どの国内自動車メーカーも、日本人が経営していることで凝り固まった考えが抜けていませんが、日産自動車だけはその考えから抜け出し、広い視野を手に入れたのです。

メカニックとして、日産車は可能性の宝庫です。
RBエンジンを完成させるまでに、HRエンジンで嫌というほどトライアンドエラーを繰り返し、出来上がったものを更にRBエンジンでグレードアップしたものを【GT-R】として完成させ、一般仕様にグレードダウンしたSRエンジンで有名となったのが【シルビア】です。

理解できますか?

自動車メーカーが1つのエンジンに【松・竹・梅】のランク付けをしているのです。 エンジン性能に応じて各種装備品の強度などにも区別をつけていますし、あなたの手でも自動車を最高の状態に進化させることができるかも知れないという可能性がある自動車を故意に作っている移動車メーカー。

それが【日産自動車】という自動車メーカーなのです。

1.カルロス・ゴーン氏によって進化した日産車

日産自動車創業以来、最高の経営者となったのがこの【カルロス・ゴーン】氏です。
カルロス・ゴーン氏は、フランスの自動車会社【ルノー】社の取締役会長兼CEO(PDG)でありながら、日産自動車と三菱自動車工業の会長を兼任するほどの人物です。

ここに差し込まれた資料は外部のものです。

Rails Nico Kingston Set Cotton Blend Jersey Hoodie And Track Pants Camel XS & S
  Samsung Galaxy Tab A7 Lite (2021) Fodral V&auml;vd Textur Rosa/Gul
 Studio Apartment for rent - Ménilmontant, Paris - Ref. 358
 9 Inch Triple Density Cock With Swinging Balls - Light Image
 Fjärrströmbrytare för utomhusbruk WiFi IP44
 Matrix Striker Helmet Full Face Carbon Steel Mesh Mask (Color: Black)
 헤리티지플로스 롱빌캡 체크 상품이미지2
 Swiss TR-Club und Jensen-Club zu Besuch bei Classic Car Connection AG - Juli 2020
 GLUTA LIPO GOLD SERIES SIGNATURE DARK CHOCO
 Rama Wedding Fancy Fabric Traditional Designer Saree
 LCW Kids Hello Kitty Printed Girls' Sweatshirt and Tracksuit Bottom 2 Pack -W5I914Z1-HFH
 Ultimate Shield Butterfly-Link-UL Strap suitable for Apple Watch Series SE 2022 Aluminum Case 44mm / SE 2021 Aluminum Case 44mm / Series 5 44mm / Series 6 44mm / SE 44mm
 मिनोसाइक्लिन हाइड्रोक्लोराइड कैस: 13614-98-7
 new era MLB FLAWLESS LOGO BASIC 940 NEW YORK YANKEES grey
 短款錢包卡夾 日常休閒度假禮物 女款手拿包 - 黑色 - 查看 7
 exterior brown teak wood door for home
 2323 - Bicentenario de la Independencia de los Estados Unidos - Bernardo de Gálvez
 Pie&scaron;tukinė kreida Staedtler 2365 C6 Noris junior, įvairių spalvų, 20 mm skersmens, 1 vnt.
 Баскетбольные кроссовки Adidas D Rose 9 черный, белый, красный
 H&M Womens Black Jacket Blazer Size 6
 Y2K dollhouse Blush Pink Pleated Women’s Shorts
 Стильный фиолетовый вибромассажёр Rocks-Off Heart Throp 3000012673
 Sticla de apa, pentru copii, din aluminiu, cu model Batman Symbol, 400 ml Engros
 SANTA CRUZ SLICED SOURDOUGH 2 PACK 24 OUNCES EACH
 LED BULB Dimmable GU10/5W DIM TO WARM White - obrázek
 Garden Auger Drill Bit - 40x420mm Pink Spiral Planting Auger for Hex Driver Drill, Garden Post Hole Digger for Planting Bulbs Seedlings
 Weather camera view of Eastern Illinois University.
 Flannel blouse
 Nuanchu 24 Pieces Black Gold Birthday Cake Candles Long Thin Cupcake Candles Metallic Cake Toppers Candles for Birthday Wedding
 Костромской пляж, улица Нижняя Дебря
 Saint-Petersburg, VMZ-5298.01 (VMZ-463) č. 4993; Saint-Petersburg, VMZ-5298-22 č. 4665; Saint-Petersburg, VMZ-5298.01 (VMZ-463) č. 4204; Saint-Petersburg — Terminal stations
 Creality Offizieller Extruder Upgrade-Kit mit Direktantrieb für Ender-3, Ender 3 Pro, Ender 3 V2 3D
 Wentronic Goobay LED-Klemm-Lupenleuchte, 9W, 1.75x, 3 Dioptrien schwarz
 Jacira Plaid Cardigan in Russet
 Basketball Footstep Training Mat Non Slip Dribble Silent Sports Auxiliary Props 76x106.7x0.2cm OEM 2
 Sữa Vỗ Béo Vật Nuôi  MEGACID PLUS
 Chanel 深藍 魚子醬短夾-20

つまり【自動車業界に計り知れないほどのコネクションのある人物】だということです。
また、2010年以降【ルノー・日産アライアンス】というパートナーシップの社長兼最高経営責任者でもあります。

このことから、日産自動車にはルノーにおける自動車技術も流入しているということが分かります。
経済提携のみで技術提携をしていなかった【スズキとシボレー】の関係性とは違い、日産車にルノーで培われてきた技術さえもインスパイアした自動車にさせたのは、紛れもなくカルロス・ゴーン氏の功績と言えるでしょう。

日産自動車が、これまで通りの考えのもと自動車企画をしてきていたとしたら、現代に追いつくまでに10年は軽く遅れていたでしょうし、下手をしたら会社再生法の道をたどっていたかも知れません。
垣根を越えたつながりを持てたことで、日産自動車は大きな一歩を踏み出すことができたのです。

2.日本で唯一日本流から外れた日産車

カルロス・ゴーン氏が徹底した経営管理をしたおかげで、日産自動車は生まれ変わりました。
小さなことからコツコツとトライアンドエラーの繰り返しという日本流のやり方から、完全なる効率的な海外流を取り入れることによって、日産自動車の自動車造りは製産ロスが減っていきました。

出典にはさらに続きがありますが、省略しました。